INSTRUCTIONS FOR THE TASK: Pictures are to be omitted. Output only the lines from the one containing "05 - Upper Body" through the end of the data, word for word.
<<<<
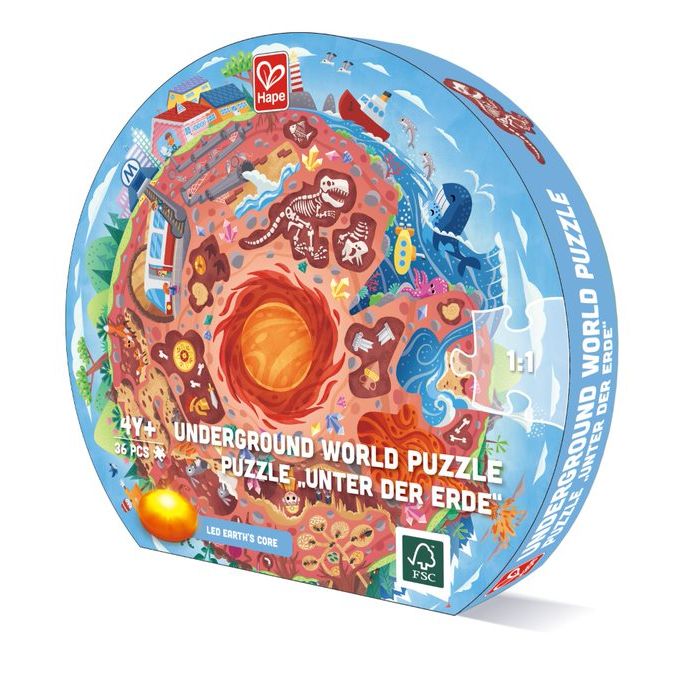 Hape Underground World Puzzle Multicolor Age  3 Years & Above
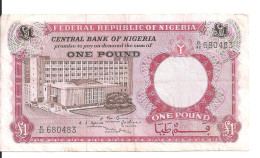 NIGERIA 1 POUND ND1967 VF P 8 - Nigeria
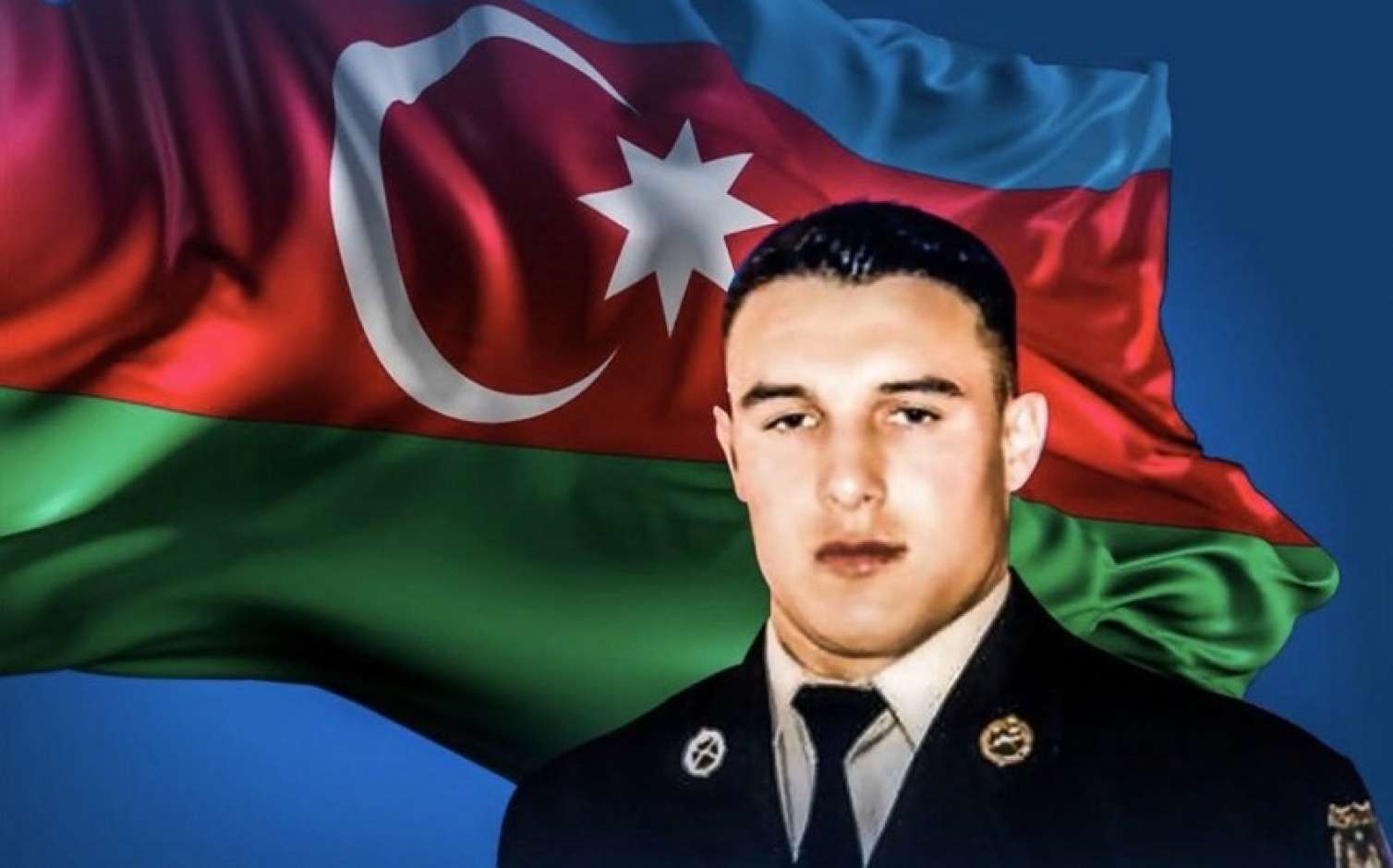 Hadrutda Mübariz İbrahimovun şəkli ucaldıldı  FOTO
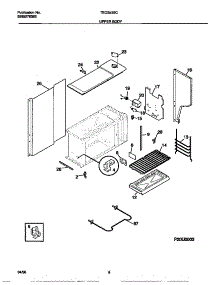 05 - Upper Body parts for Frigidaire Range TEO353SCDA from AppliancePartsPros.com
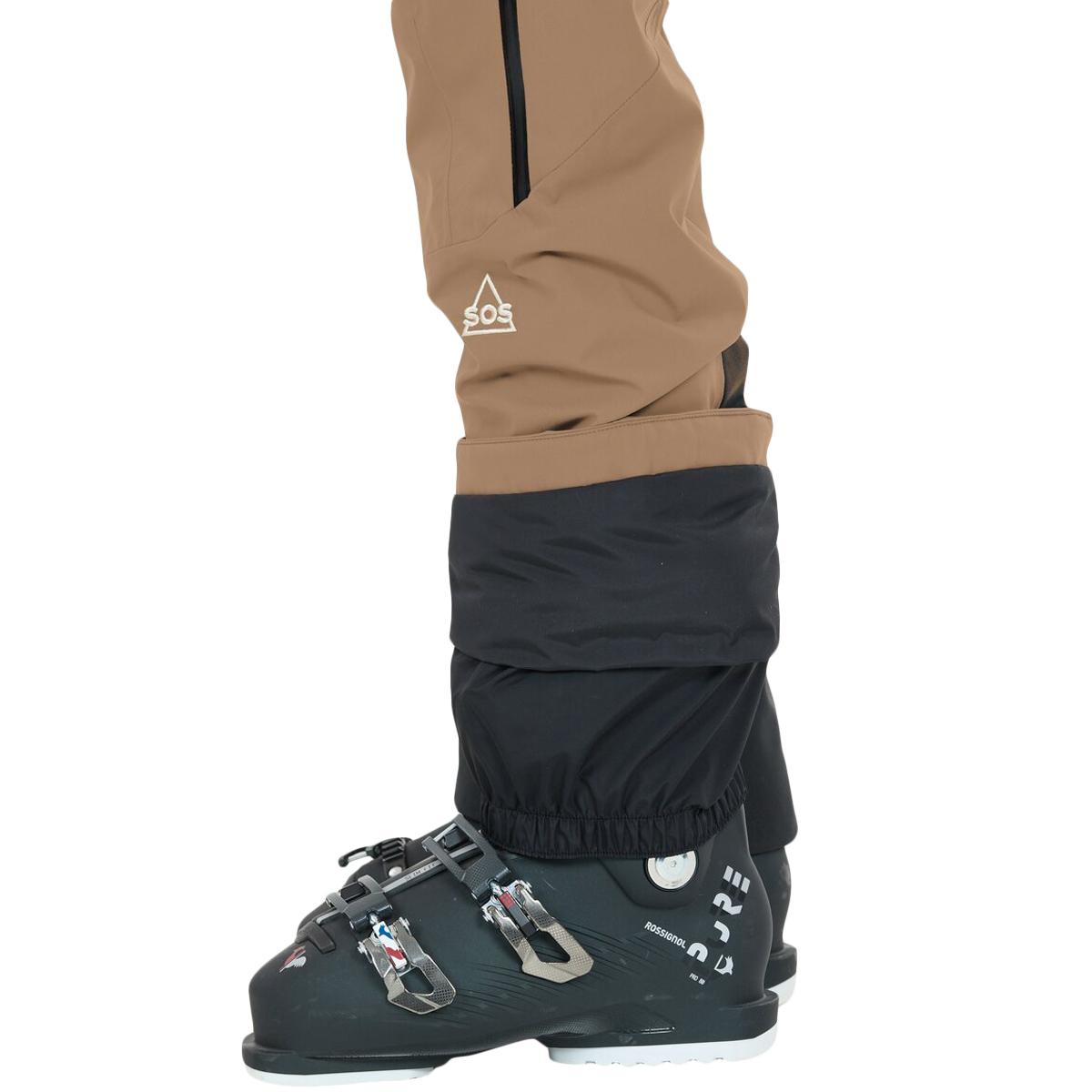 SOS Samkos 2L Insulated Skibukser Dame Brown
>>>>
WRITTEN SOLUTION:
 05 - Upper Body parts for Frigidaire Range TEO353SCDA from AppliancePartsPros.com
 SOS Samkos 2L Insulated Skibukser Dame Brown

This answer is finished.